- [Problem]: Write out the material below exactly, with no line missing.

- [Dataset excerpt]:
Content starts

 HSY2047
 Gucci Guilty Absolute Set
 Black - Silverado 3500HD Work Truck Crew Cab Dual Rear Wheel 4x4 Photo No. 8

Content ends

- [Exercise result]:
 HSY2047
 Gucci Guilty Absolute Set
 Black - Silverado 3500HD Work Truck Crew Cab Dual Rear Wheel 4x4 Photo No. 8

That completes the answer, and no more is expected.